In the process of cultivation, the ground is ploughed as deep as possible, and harrowed; after it has been thus broken up, parallel drills or furrows are ploughed at the distance of two feet and a half to four feet from one another; in these the cane is laid lengthwise, and covered about an inch with a hoe. Small canals to drain off the water are commonly dug, more or less distant from each other, and these are crossed by smaller drains, so as to form squares like a chess board. These ditches are necessary to drain off the water from rains, as well as that which filters from the rivers, which would otherwise remain upon the plantations. The average quantity of sugar that may be produced upon an acre of land of the proper quality, well cultivated, is from eight hundred to one thousand pounds, provided that the cane has not been damaged, either by storms of wind, inundations, or frost. The strong soil is easiest of cultivation, and most productive, in rainy seasons. The light soils require less labor, and yield more revenue, in dry seasons. To these variations, others are to be added, resulting from the different exposure of the lands, the greater or less facility of draining, and also from the greater or less quantity of a weed known by the name of coco or grass nut. Sixty working hands are necessary to cultivate two hundred and forty acres of cane, planted in well-prepared land, and to do all the work necessary until the sugar is made and delivered. The sugar, up to the moment it is delivered to the merchant, costs the sugar planter about three and a half cents per pound, for expense incurred, without reckoning the interest on his capital.
The cultivation of the mulberry tree, and the raising of silk-worms, have occupied considerable attention in different parts of the United States. Before the revolution, the production of silk was attempted in Georgia, but without ultimate success. In Connecticut, and in some other places, for the last seventy years, an inferior kind of sewing silk has been manufactured; but its use has been chiefly confined to the neighborhood in which it has been produced.

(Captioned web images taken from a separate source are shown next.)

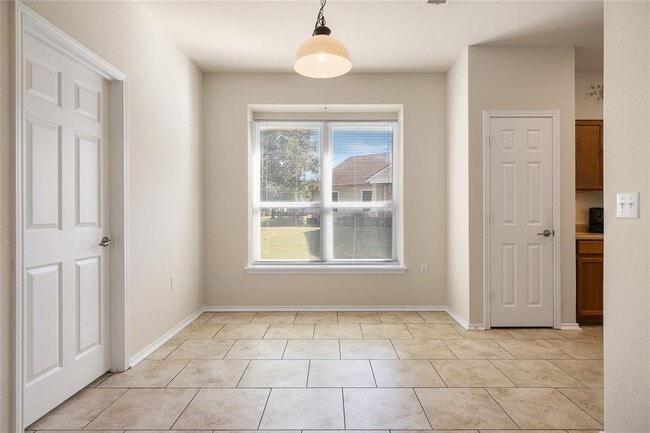 Building Photo - 119 Portsmouth Dr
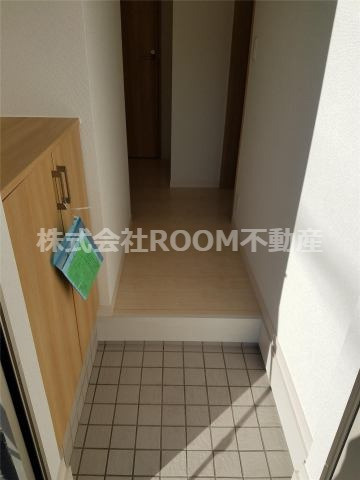 クローバーハイツ川東の玄関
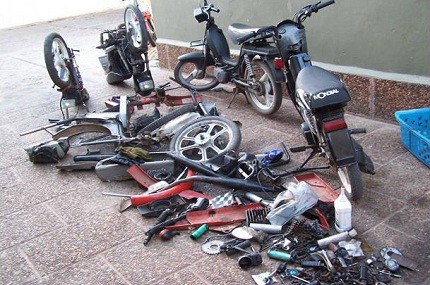 TIZIMIN: Cae banda de ladrones de motos.\r\n TIZIMIN: Cae banda de ladrones de motos.\r\n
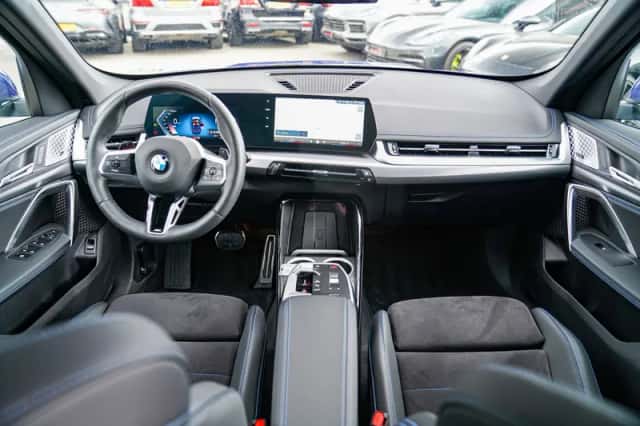 BMW X1 (2025) thumbnail 2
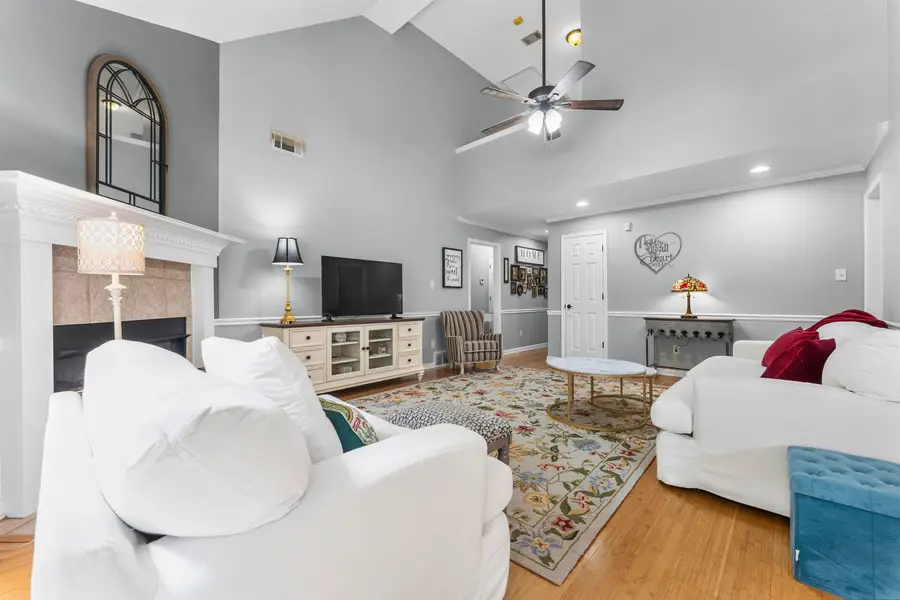 7979 JILLS CREEK DR, Bartlett, TN 38133 - #3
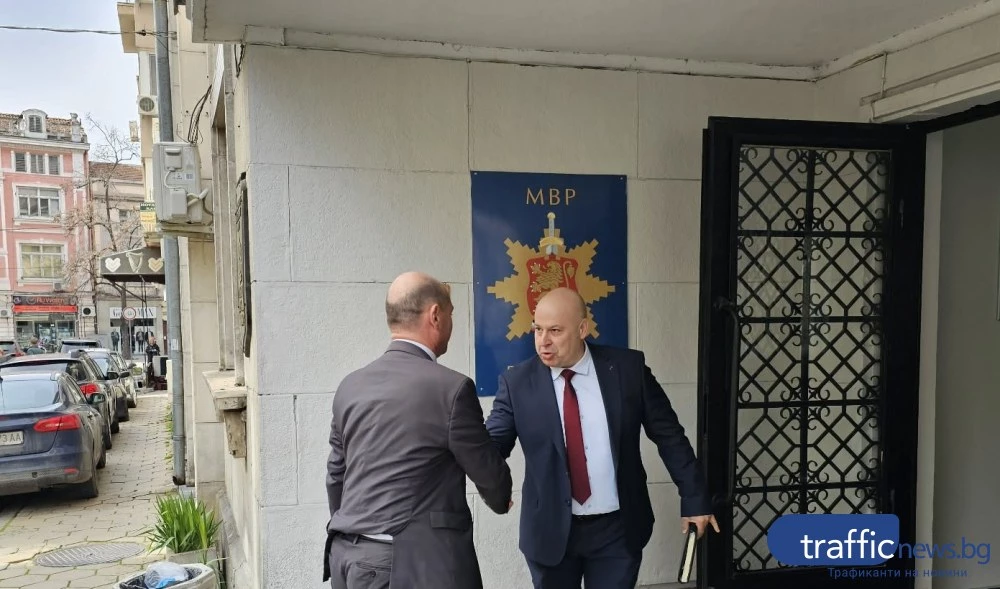 Майката на убития Митко: Подигравка! Протест срещу Васил Костадинов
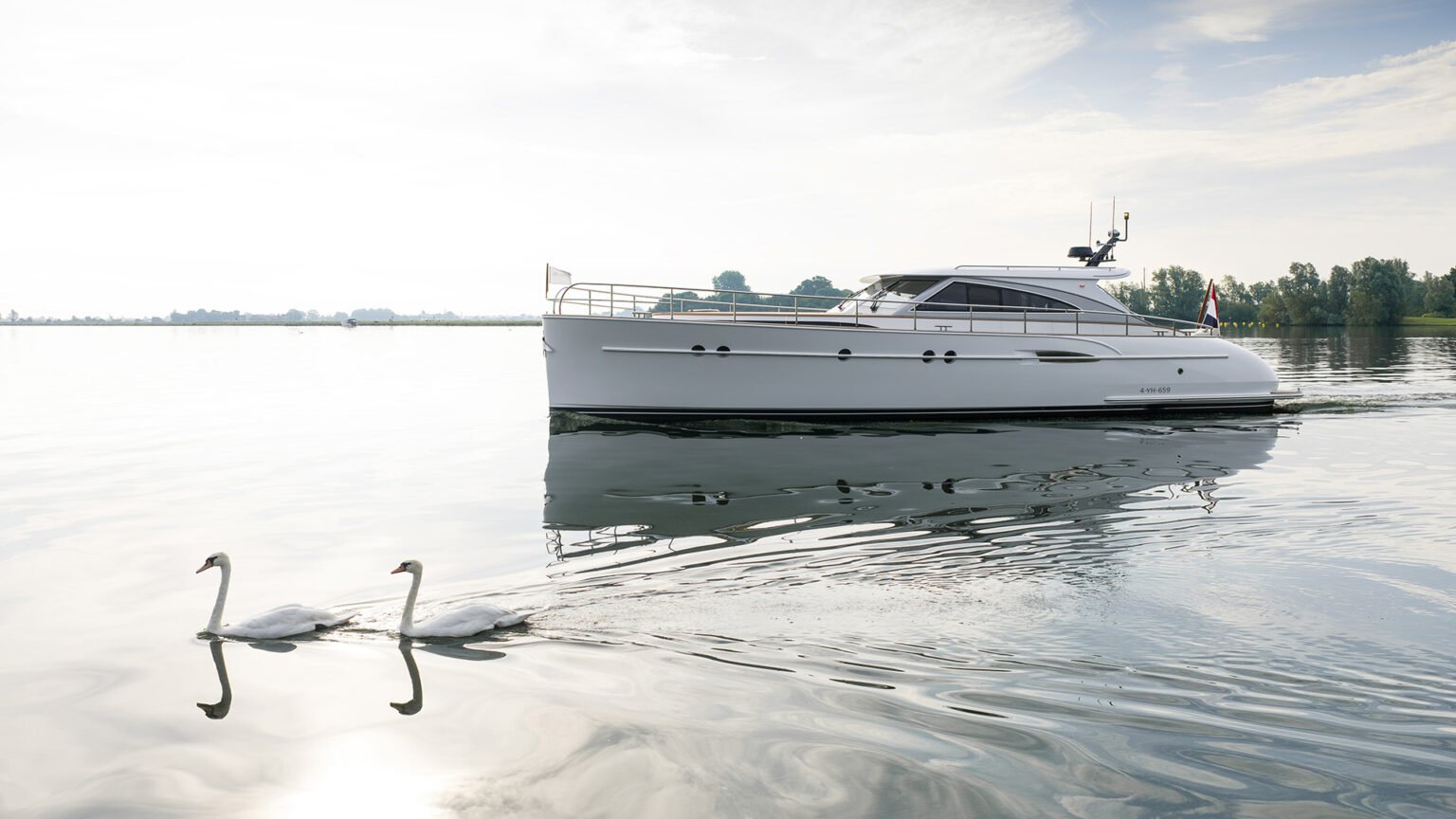 RubenGriffioen_Cygne-exterior_MulderShipyard_DJI_0030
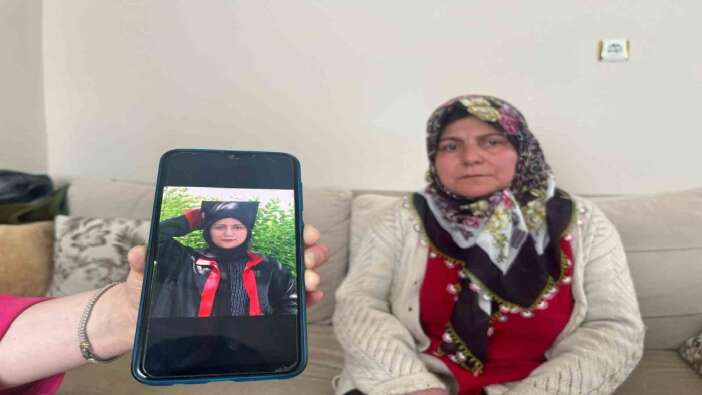 Eskişehir'de "Okula gidiyorum" deyip evden çıkan ve arkadaşıyla kayıplara karışan 14 yaşındaki kızdan haber alınamıyor...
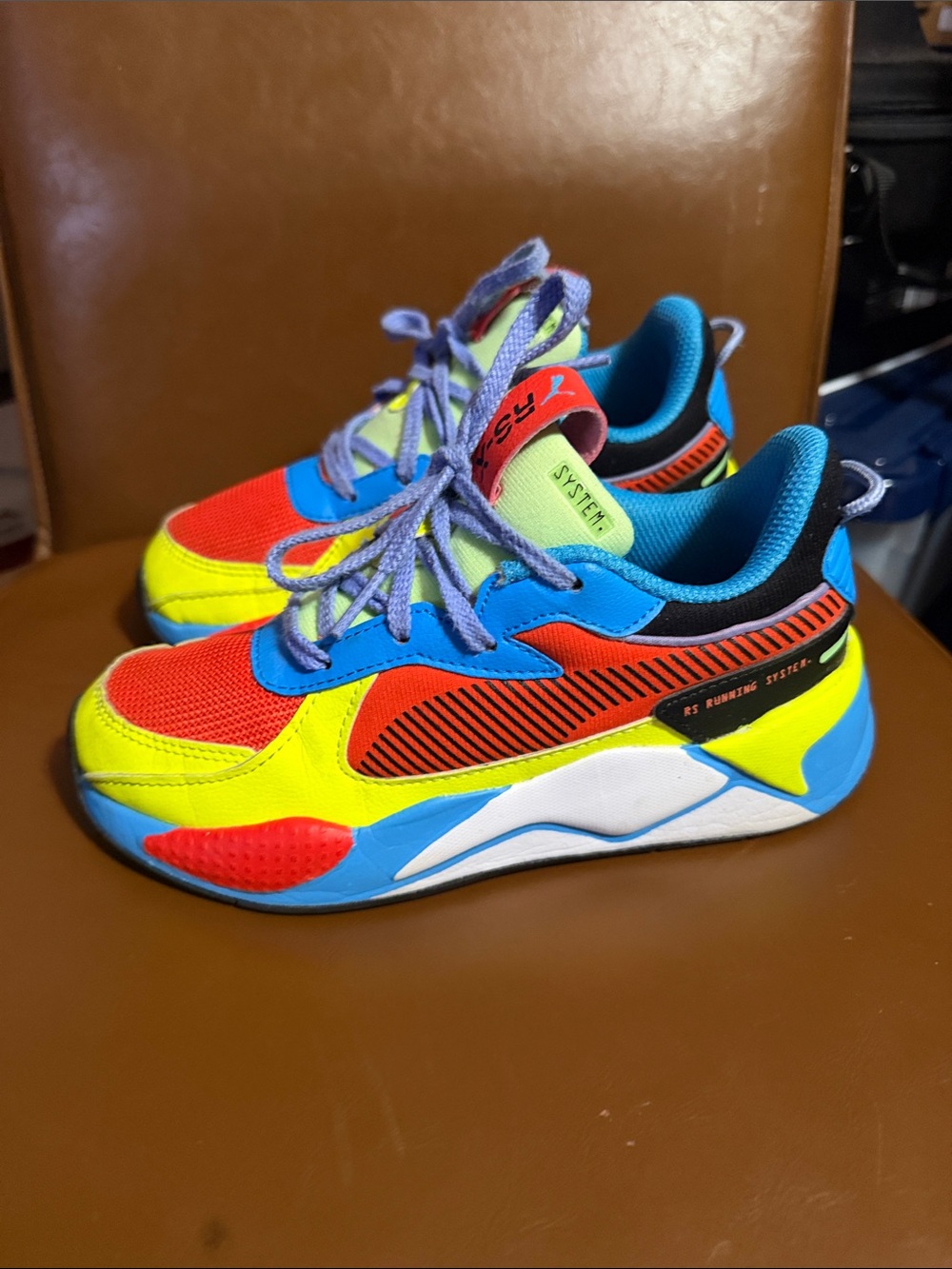Puma RS-X  Running Shoe for Little Boys size 2.  Rare colorway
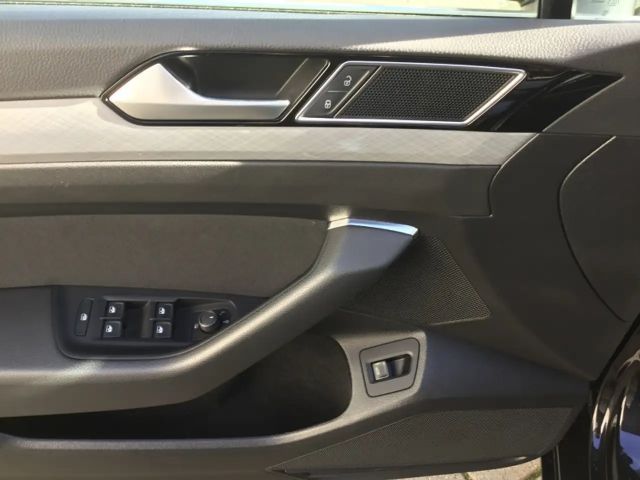 Volkswagen Passat Business Variant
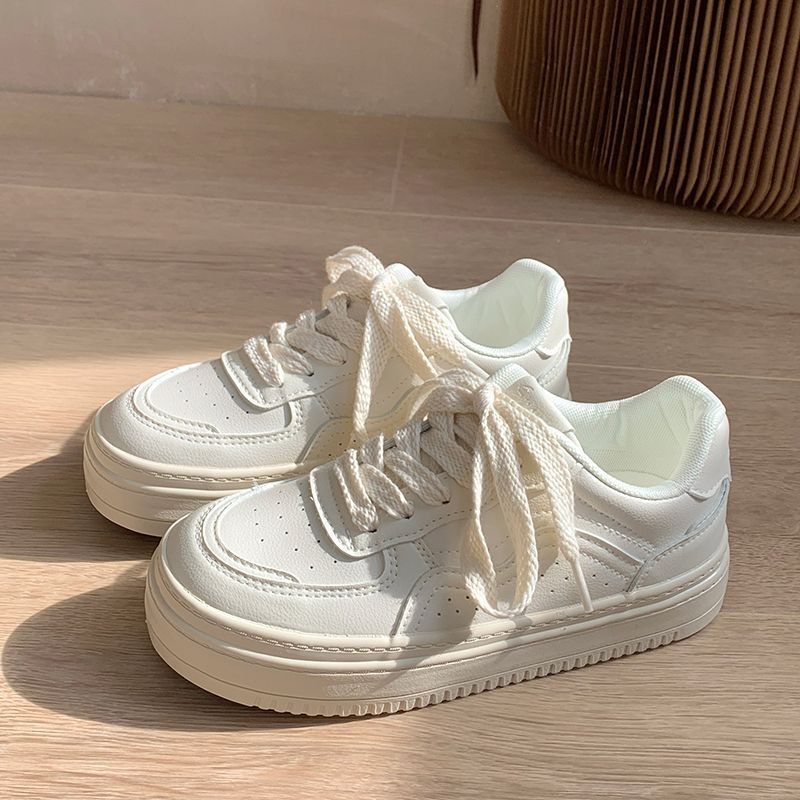 

Японские универсальные молочные фуфу маленькие белые туфли под брендом женские 2025 весна новые на толстой подошве ретро повседневные кеды 35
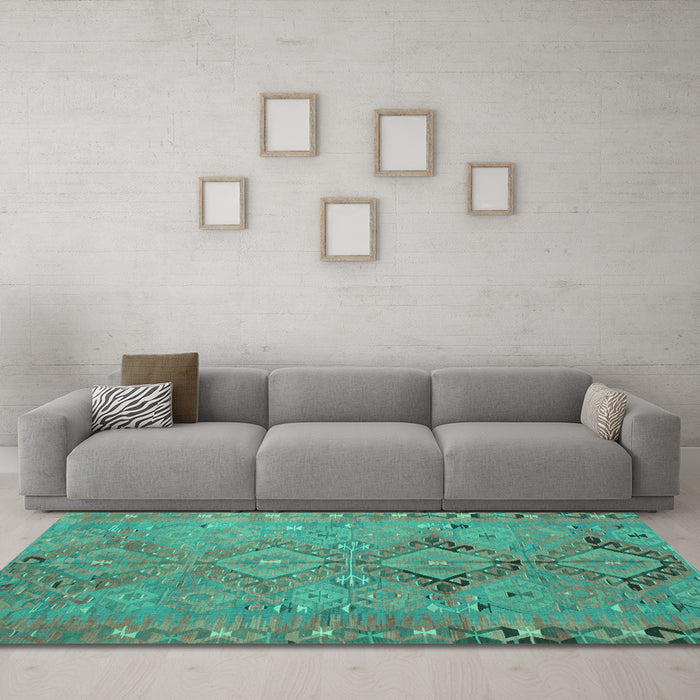 Machine Washable Persian Turquoise Traditional Area Rugs in a Living Room,, wshtr1297turq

Of late years, however, efforts have been made to introduce the important branch of agriculture that affords the necessary materials for the manufacture of silk. Societies have been formed in different states for its promotion, and the national government have thought the subject worthy their particular attention.
During the year 1829, a series of essays were written by M. D’Homergue, the son of an eminent silk manufacturer, at Nismes, who had arrived in Philadelphia at the instance of an association for the promotion of the culture of silk; they have since been published in a separate form, and will repay the perusal of those who may feel peculiarly interested in the subject. The report of the committee of agriculture, who were instructed to inquire into the expediency of adopting measures to extend the cultivation of the mulberry tree, and to promote the cultivation of silk, by introducing the necessary machinery, made to the house of representatives, March 12, 1830, represents these essays and the facts contained in them as entitled to high confidence.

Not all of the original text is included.